## Work instructions
Below, locate the line that contains "an overhead view". Repeat exactly from that line to the line that contains "Obraz premium Red", inclusive, leaving out the pictures.

## Listed entries
<<<<
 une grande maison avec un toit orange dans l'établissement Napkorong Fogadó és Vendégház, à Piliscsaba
>>>>
<<<<
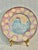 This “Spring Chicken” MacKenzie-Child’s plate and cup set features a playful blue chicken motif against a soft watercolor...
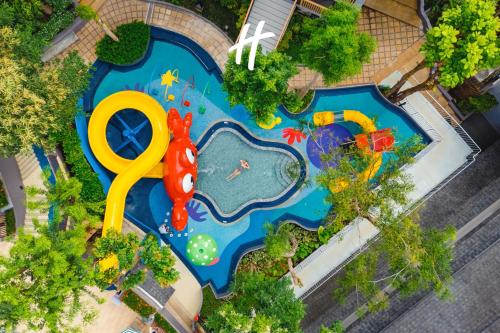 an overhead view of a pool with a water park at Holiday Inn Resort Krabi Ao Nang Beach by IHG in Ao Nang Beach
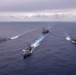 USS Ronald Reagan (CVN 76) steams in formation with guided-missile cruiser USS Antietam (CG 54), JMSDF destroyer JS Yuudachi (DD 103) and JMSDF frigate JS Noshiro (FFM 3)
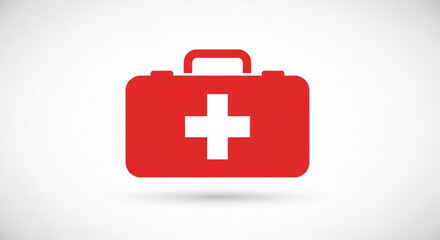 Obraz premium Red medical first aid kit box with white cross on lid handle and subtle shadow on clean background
>>>>
<<<<
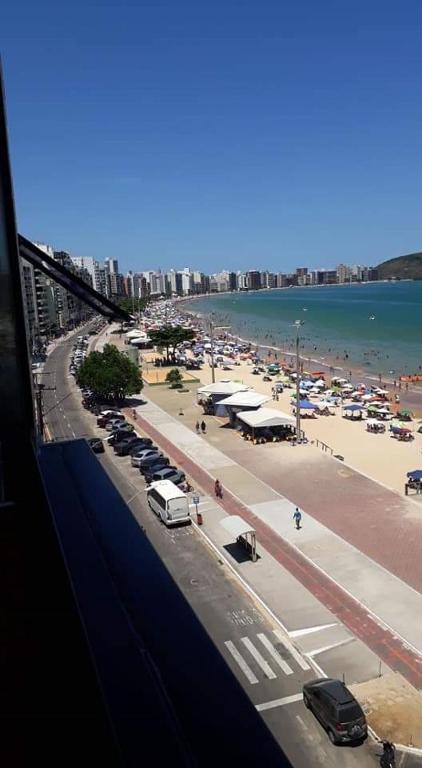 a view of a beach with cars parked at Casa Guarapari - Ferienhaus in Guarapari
>>>>
## Solved problem
 an overhead view of a pool with a water park at Holiday Inn Resort Krabi Ao Nang Beach by IHG in Ao Nang Beach
 USS Ronald Reagan (CVN 76) steams in formation with guided-missile cruiser USS Antietam (CG 54), JMSDF destroyer JS Yuudachi (DD 103) and JMSDF frigate JS Noshiro (FFM 3)
 Obraz premium Red medical first aid kit box with white cross on lid handle and subtle shadow on clean background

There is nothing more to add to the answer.